Falling U.S. equities and a rising dollar also weighed on crude futures and other industrial commodities denominated in the greenback.
Gasoline surged 3 percent on news of an extended outage on Colonial Pipeline's main gasoline line and in a key unit of BP's Whiting, Indiana refinery. The profit for turning crude into gasoline hit three-month highs and pump prices for the fuel rose as well.
U.S. West Texas Intermediate futures settled down 88 cents, or 2 percent, at $43.03 a barrel, after falling to $42.74, the lowest intraday level since Aug. 11. WTI slipped about 6.2 percent this week.

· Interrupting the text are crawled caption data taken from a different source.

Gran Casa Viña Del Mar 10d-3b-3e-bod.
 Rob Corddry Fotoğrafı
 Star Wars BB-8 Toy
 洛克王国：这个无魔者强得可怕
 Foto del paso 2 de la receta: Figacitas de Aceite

Benchmark Brent crude futures traded down 72 cents, or 1.6 percent, at $45.87 a barrel at 2:37 p.m. ET (1837 GMT). The contract earlier fell as low as $45.48 and is down nearly 5 percent on the week.
"Crude futures are taking on an increasingly bearish appearance," said Jim Ritterbusch of Chicago-based oil markets consultancy Ritterbusch & Associates. For WTI, "this can potentially expedite our expected trip south to the $39 area," he said.
Oil slumped after a source familiar with Iran's tanker loading schedules said the third-biggest OPEC producer raised crude exports to more than 2 million barrels per day (bpd) in August, nearing pre-sanctions levels.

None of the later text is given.